Task objective
Write out word for word each line from the top of the material through the line that has "drone working 96760386". Pictures do not go in.

Start of Data below

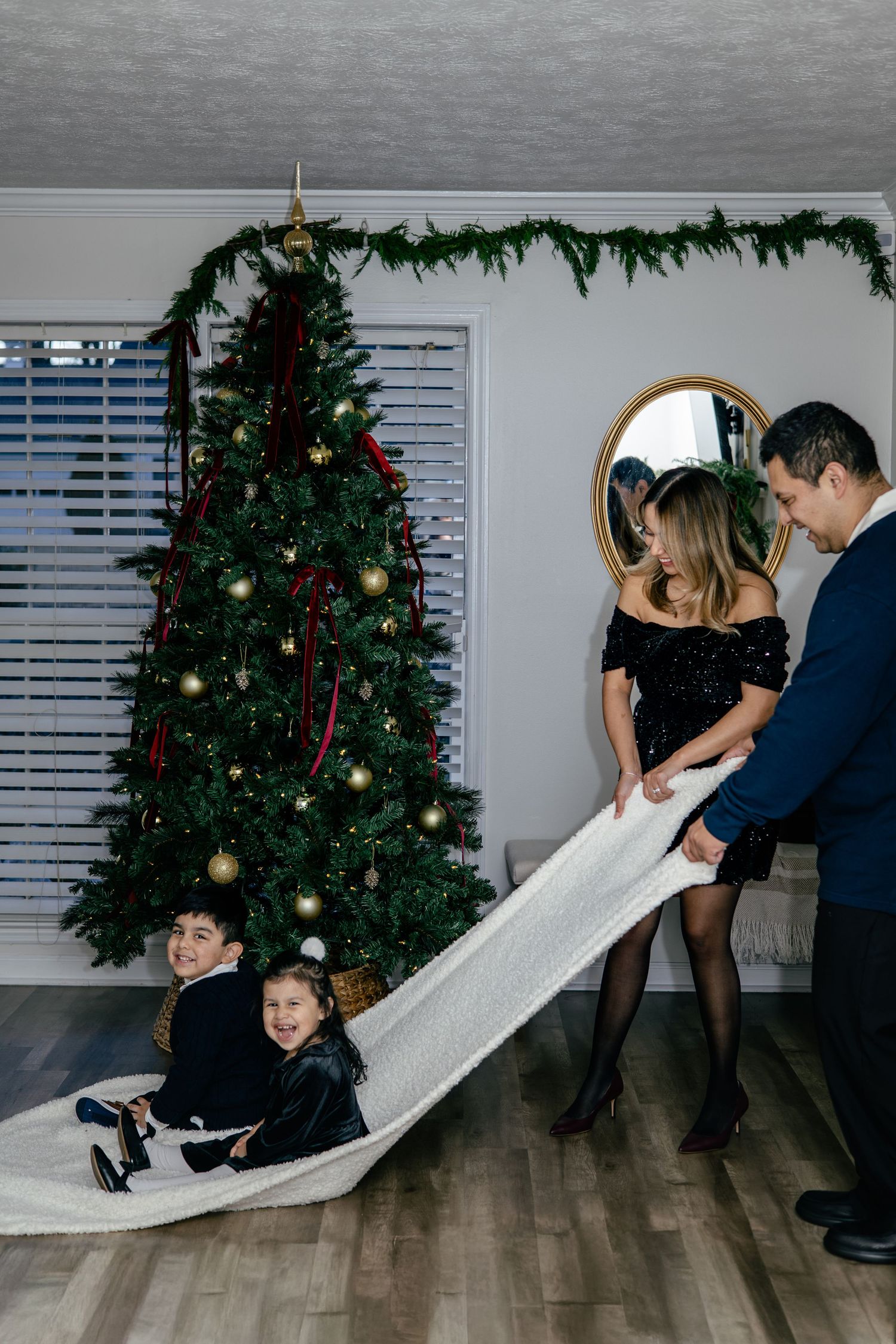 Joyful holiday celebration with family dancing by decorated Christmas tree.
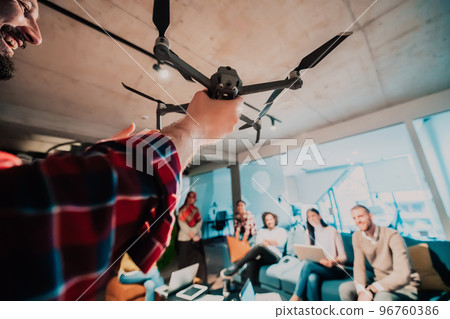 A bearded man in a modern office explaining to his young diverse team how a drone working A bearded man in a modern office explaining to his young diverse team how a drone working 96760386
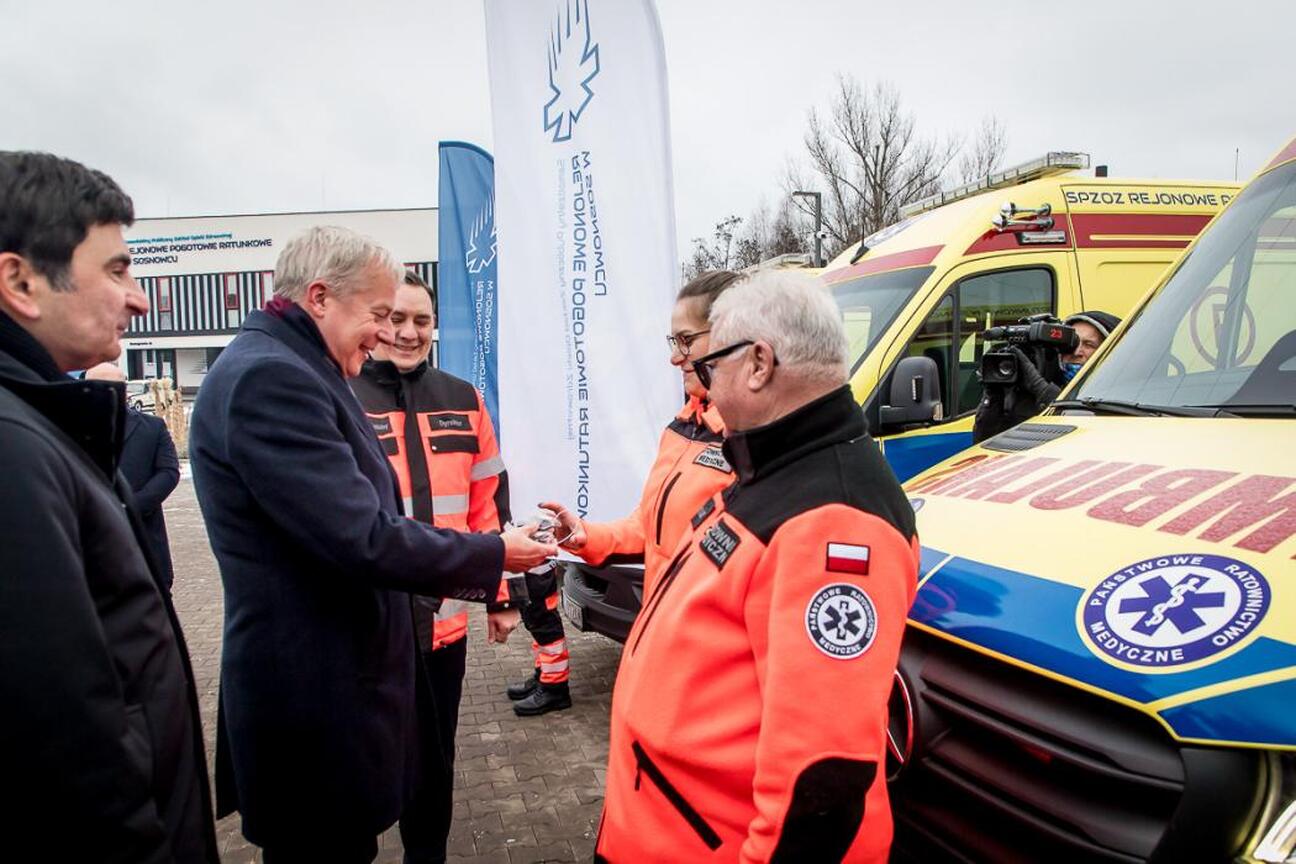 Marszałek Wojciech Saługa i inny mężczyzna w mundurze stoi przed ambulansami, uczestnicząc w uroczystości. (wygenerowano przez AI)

End of Data below

Expected output
 Joyful holiday celebration with family dancing by decorated Christmas tree.
 A bearded man in a modern office explaining to his young diverse team how a drone working A bearded man in a modern office explaining to his young diverse team how a drone working 96760386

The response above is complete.